The lactescent plants belong chiefly to the three families of the
euphorbiaceae, the urticeae, and the apocineae.* (* After these three
great families follow the papaveraceae, the chicoraceae, the
lobeliaceae, the campanulaceae, the sapoteae, and the cucurbitaceae.
The hydrocyanic acid is peculiar to the group of rosaceo-amygdalaceae.
In the monocotyledonous plants there is no milky juice; but the
perisperm of the palms, which yields such sweet and agreeable milky
emulsions, contains, no doubt, caseum. Of what nature is the milk of
mushrooms?) Since, on examining the distribution of vegetable forms
over the globe, we find that those three families are more numerous in
species in the low regions of the tropics, we must thence conclude,
that a very elevated temperature contributes to the elaboration of the
milky juices, to the formation of caoutchouc, albumen, and caseous
matter. The sap of the palo de vaca furnishes unquestionably the most
striking example of a vegetable milk in which the acrid and
deleterious principle is not united with albumen, caseum, and
caoutchouc: the genera euphorbia and asclepias, however, though
generally known for their caustic properties, already present us with
a few species, the juice of which is sweet and harmless. Such are the
Tabayba dulce of the Canary Islands, which we have already mentioned,*
(* Euphorbia balsamifera. The milky juice of the Cactus mamillaris is
equally sweet.) and the Asclepias lactifera of Ceylon. Burman relates
that, in the latter country, when cow's milk is wanting, the milk of
this asclepias is used; and that the ailments commonly prepared with
animal milk are boiled with its leaves. It may be possible, as
Decandolle has well observed, that the natives employ only the juice
that flows from the young plant, at a period when the acrid principle
is not yet developed. In fact, the first shoots of the apocyneous
plants are eaten in several countries.
I have endeavoured by these comparisons to bring into consideration,
under a more general point of view, the milky juices that circulate in
vegetables; and the milky emulsions that the fruits of the
amygdalaceous plants and palms yield. I may be permitted to add the
result of some experiments which I attempted to make on the juice of
the Carica papaya during my stay in the valleys of Aragua, though I
was then almost destitute of chemical tests.
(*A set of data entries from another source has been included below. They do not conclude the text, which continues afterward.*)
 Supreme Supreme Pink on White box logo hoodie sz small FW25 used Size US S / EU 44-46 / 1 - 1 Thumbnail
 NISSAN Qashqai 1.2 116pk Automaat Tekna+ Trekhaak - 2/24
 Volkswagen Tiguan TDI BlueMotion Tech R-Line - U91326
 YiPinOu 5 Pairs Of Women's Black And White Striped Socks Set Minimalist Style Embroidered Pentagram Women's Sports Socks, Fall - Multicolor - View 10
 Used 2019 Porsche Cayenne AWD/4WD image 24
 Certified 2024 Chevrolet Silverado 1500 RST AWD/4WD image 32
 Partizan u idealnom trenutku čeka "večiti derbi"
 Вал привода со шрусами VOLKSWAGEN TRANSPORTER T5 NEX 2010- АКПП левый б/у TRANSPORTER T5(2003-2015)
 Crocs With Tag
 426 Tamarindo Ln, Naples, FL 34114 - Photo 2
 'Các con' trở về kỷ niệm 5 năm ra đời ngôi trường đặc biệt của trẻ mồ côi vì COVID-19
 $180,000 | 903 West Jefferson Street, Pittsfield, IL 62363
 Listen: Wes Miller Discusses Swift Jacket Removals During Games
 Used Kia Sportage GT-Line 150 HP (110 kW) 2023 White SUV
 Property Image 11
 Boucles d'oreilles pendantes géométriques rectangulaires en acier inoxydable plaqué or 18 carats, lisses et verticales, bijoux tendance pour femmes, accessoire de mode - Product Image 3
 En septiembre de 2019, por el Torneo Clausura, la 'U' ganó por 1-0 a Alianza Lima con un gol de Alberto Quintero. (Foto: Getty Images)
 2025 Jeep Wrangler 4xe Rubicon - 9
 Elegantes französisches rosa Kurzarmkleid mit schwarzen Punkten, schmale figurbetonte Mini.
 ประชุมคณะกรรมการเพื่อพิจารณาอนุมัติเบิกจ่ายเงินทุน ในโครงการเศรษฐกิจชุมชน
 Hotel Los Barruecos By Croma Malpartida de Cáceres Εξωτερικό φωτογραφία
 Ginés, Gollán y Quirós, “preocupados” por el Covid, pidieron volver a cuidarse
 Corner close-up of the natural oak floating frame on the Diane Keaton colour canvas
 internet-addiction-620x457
The juice has been since
examined by Vauquelin, and this celebrated chemist has very clearly
recognized the albumen and caseous matter; he compares the milky sap
to a substance strongly animalized - to the blood of animals; but his
researches were confined to a fermented juice and a coagulum of a
fetid smell, formed during the passage from the Mauritius to France.
He has expressed a wish that some traveller would examine the milk of
the papaw-tree just as it flows from the stem or the fruit.